Kampala, Jan 15 (IANS): Uganda is on high alert following a suspected Marburg virus disease (MVD) outbreak in neighboring Tanzania that has left eight people dead, a health official said here Wednesday.
Henry Kyobe Bosa, incident commander at Uganda's Ministry of Health, told Xinhua news agency over the telephone that health authorities have heightened surveillance and implemented precautionary measures at the border points with Tanzania to prevent the importation of the highly fatal virus into Uganda. According to the ministry, no case of MVD has been reported within the country.

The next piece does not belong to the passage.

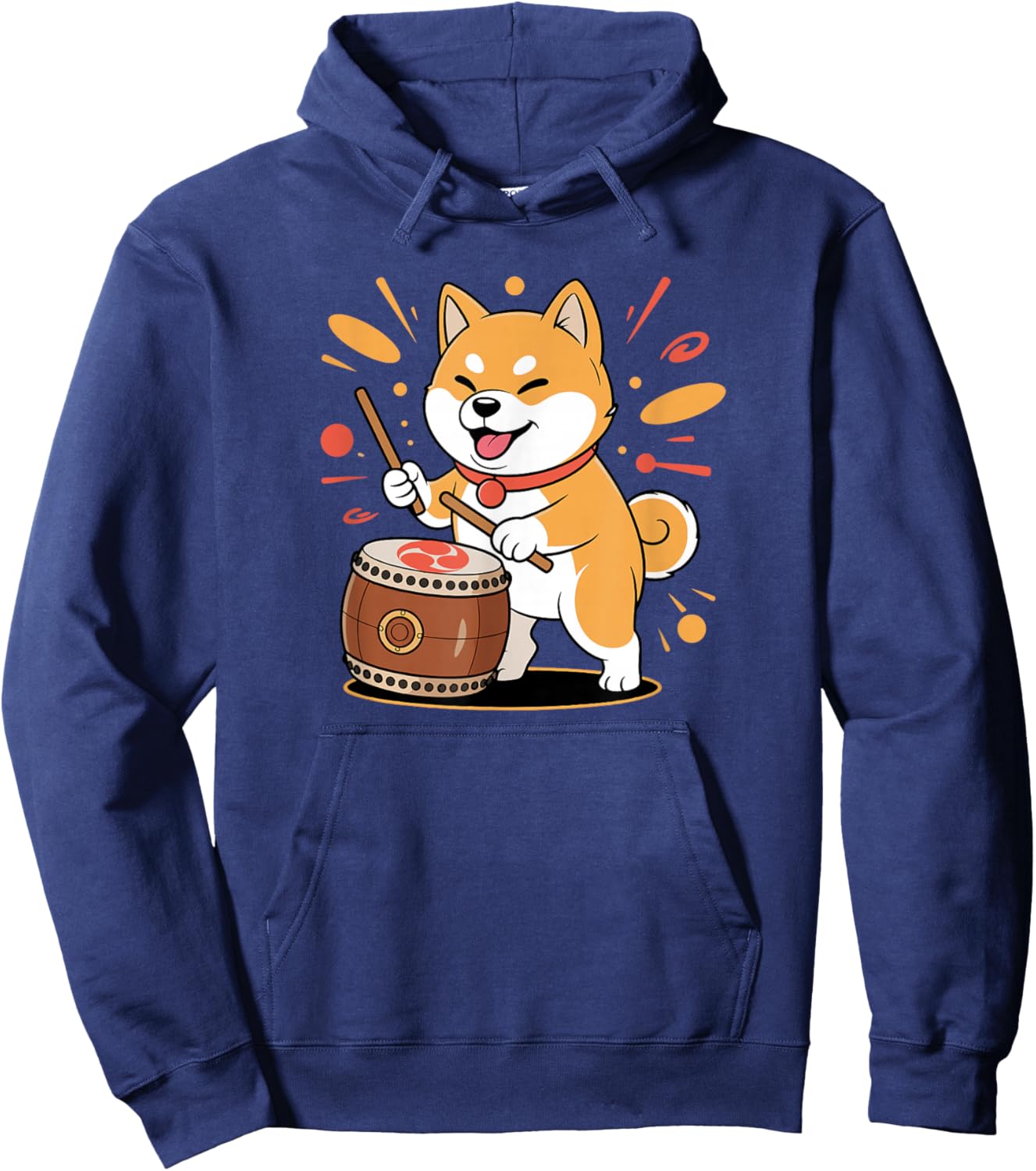 Cute Kawaii Taiko Drummer Shiba Inu Dog Hoodie - Hoodie | Navy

The World Health Organization (WHO) on Monday informed its member states of suspected cases of MVD in Tanzania's Kagera Region, with symptoms of headache, high fever, back pain, diarrhea, vomiting with blood, body weakness, and external bleeding.
"We are following WHO risk assessment to put in place measures for early detection and response, and should there be a need, to undertake active case search in view of the classified risk in the region and globally," Bosa said.
According to the WHO, the regional risk is considered high due to the strategic importance of the Kagera Region as a transit hub, with significant cross-border movement of people to Uganda, Rwanda, Burundi, and the Democratic Republic of the Congo.
In March 2023, Tanzanian health authorities announced that an outbreak of Marburg viral disease that had killed five people in the Kagera Region was under control.
MVD is a highly virulent disease that causes hemorrhagic fever, with a fatality rate of up to 88 per cent, according to the WHO.
The highly fatal, zoonotic hemorrhagic disease is caused by the Marburg virus, and human-to-human transmission occurs through direct contact with body fluids from infected persons or contact with equipment and other materials contaminated with infectious blood or tissues, body fluids of infected people, and contaminated surfaces or materials.